Lord Maccon sintió cómo sus huesos se rompían por completo y luego se volvían a soldar, la piel se estiraba y se encogía, los tendones se realineaban y el cabello desaparecía para convertirse en un frondoso pelaje animal. Su sentido del olfato se agudizó hasta tal punto que percibió el olor de algo familiar disperso en el viento que recorría los jardines del castillo.
Los miembros más longevos de la manada completaron la transformación al mismo tiempo que su alfa. La mazmorra se inundó de gruñidos y lamentos mientras afuera los últimos restos del día desaparecían. Sus cuerpos siempre sobrevivían a la transformación, haciendo que el dolor fuese aún más insoportable. Con la carne apenas unida por los últimos jirones del alma, toda sensibilidad acababa convertida en frenesí. Sus aullidos eran el grito sediento de sangre del condenado.
Todo el que los escuchaba no podía hacer otra cosa que caer presa del pánico, fuese vampiro, fantasma, humano o animal. Poco importaba esto último; un licántropo libre de sus grilletes estaba dispuesto a matar indiscriminadamente. En las noches de luna llena, de luna sangrienta, lo importante no era la necesidad, ni siquiera la capacidad de elección. Simplemente ocurrían, sin que nadie pudiese hacer nada para dominarlas.
Sin embargo, cuando Lord Maccon alzó su hocico para aullar, el suyo no fue un grito de ira descontrolada. El tono grave de su voz transmitía una pena inconmensurable, puesto que al fin había reconocido el olor que se colaba entre los muros del castillo hasta la mazmorra. Demasiado tarde para decir algo con su voz humana.
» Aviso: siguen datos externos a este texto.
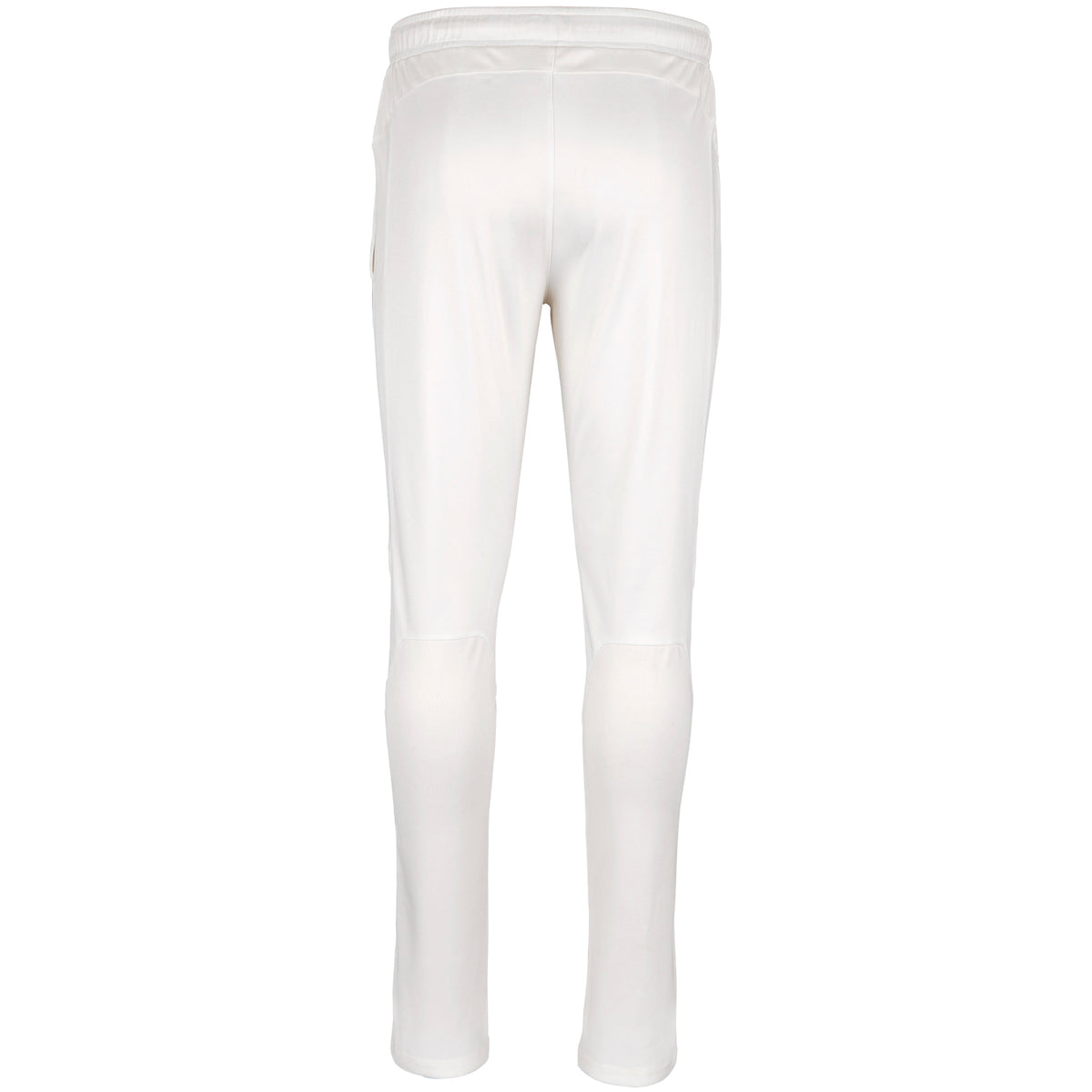 Back view of Gray Nicolls Pro Performance Cricket Trousers in white, with an elastic waistband and fitted legs for comfort and moisture management, displayed against a plain white background.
Demasiado tarde para alertar a sus guardianes.
Conall Maccon, conde de Woolsey, se abalanzó contra los barrotes de su celda, gritando con todas sus fuerzas los últimos vestigios de su humanidad: no para matar, ni para liberarse, sino para proteger.
Demasiado tarde.
La brisa traía consigo el olor dulzón de la trementina, y cada vez estaba más cerca.
El cartel que colgaba sobre la puerta del Club Hypocras rezaba PROTEGO RES PUBLICA en grandes letras sobre fondo de mármol traído directamente desde Italia. La señorita Tarabotti, atada, amordazada y porteada por dos hombres —uno sujetándola por los hombros, el otro por los pies—, leyó las palabras en posición invertida. Le dolía la cabeza por culpa de la exposición al cloroformo, de modo que necesitó unos segundos para traducir la frase.
Finalmente, dedujo su significado: proteger el bien común, el lema de la Commonwealth.
Vaya, pensó, no sé por qué no me lo creo. No me siento especialmente protegida.
La inscripción estaba flanqueada a ambos lados por una especie de emblema. ¿Un pulpo tal vez? ¿Un pulpo fabricado en latón?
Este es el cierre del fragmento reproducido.